DIRECTIONS FOR THIS TASK. Without including any pictures, write out all the records word for word.

RECORDS SUPPLIED.
--- START ---
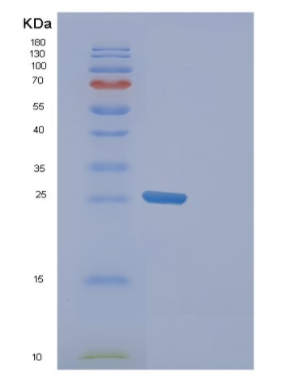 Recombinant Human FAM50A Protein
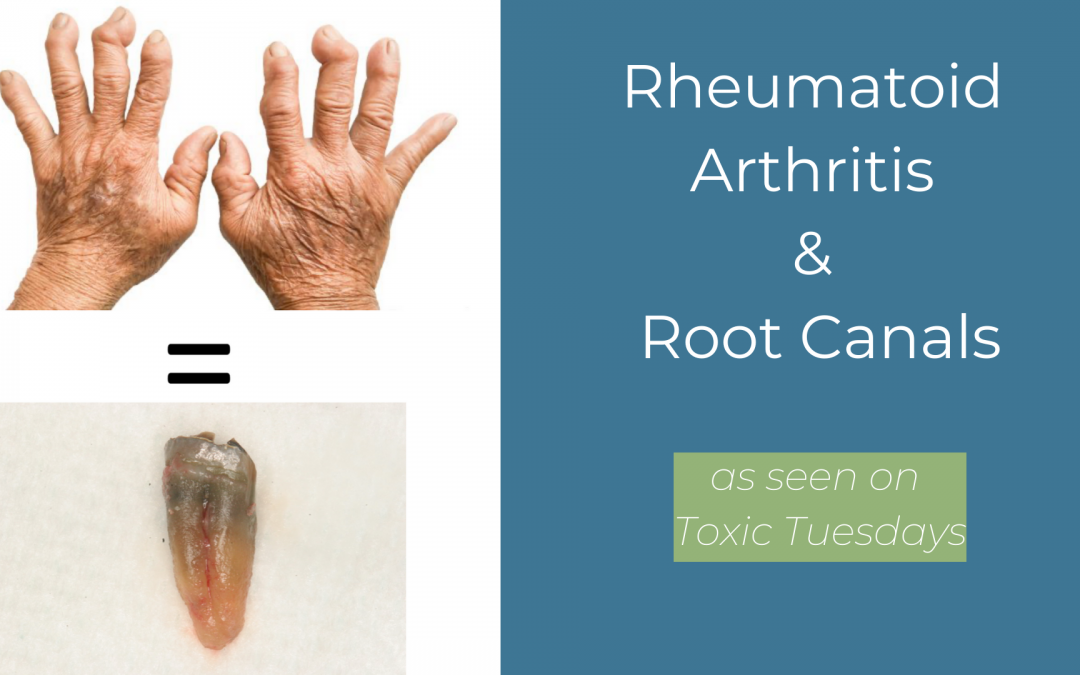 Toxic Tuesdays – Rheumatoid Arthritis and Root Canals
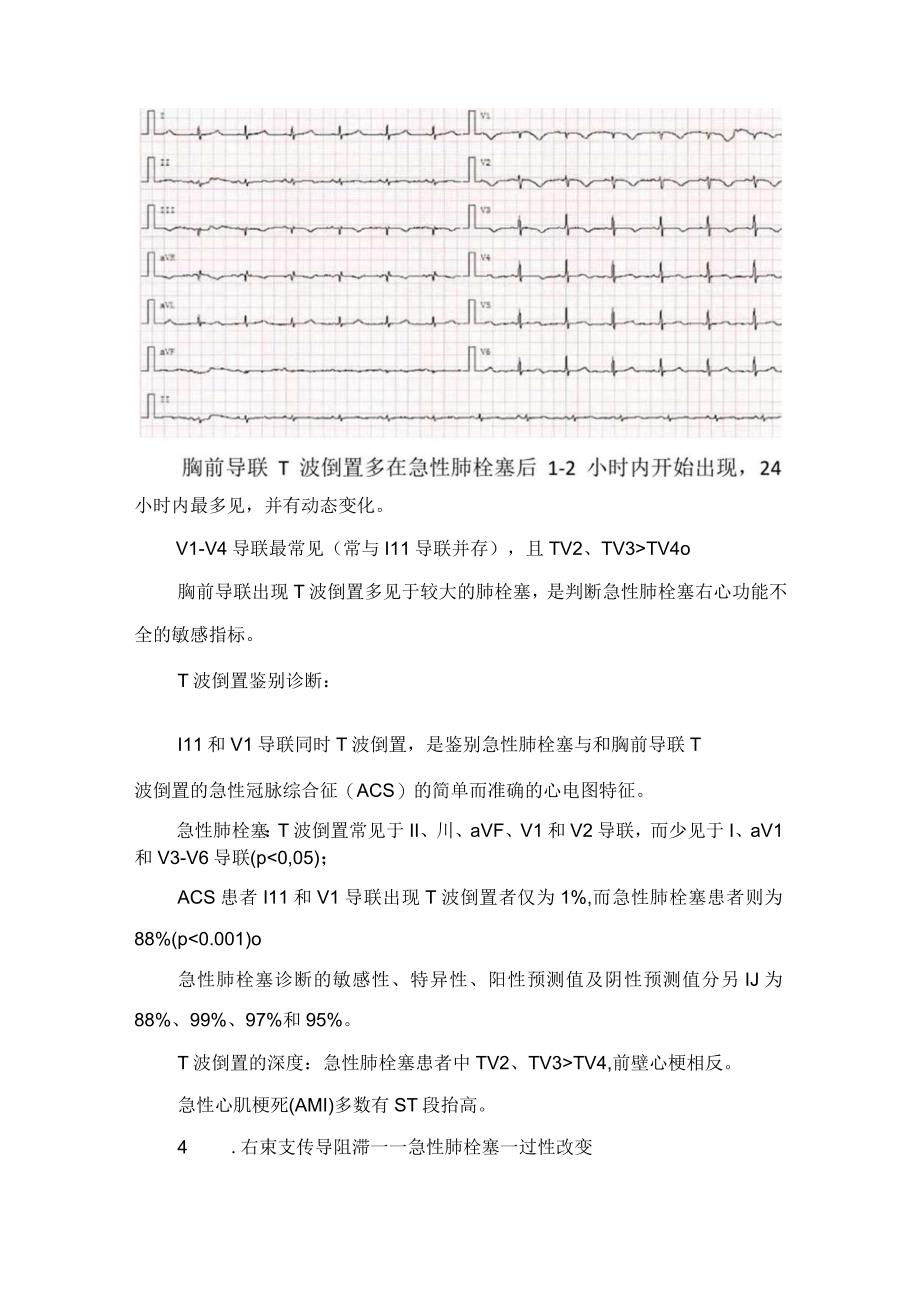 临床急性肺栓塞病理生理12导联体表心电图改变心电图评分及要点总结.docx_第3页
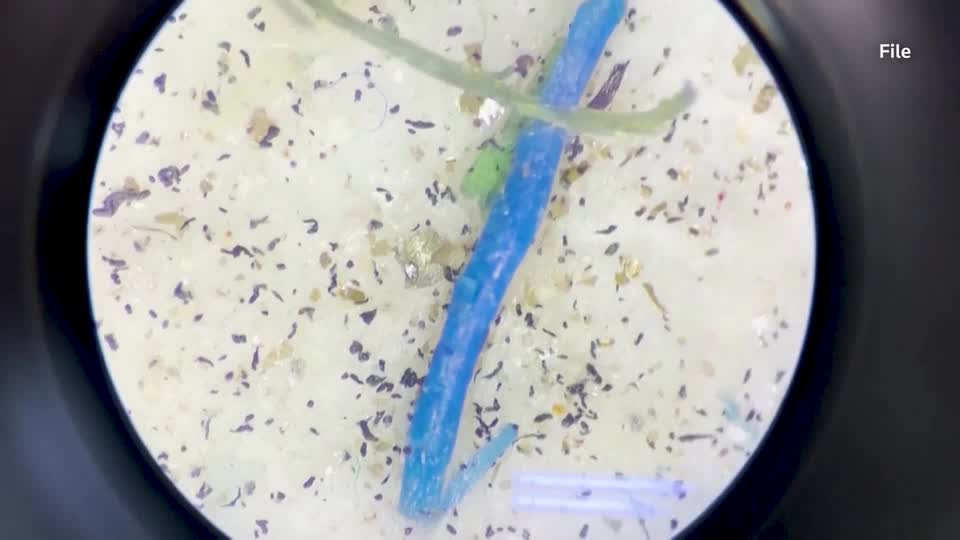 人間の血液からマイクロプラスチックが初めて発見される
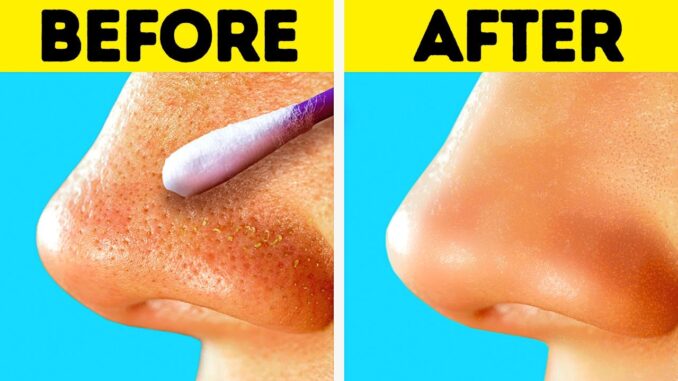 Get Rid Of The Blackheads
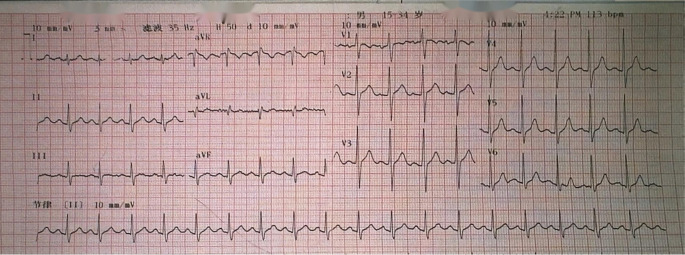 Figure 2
--- END ---
WRITTEN RESPONSE.
 Recombinant Human FAM50A Protein
 Toxic Tuesdays – Rheumatoid Arthritis and Root Canals
 临床急性肺栓塞病理生理12导联体表心电图改变心电图评分及要点总结.docx_第3页
 人間の血液からマイクロプラスチックが初めて発見される
 Get Rid Of The Blackheads
 Figure 2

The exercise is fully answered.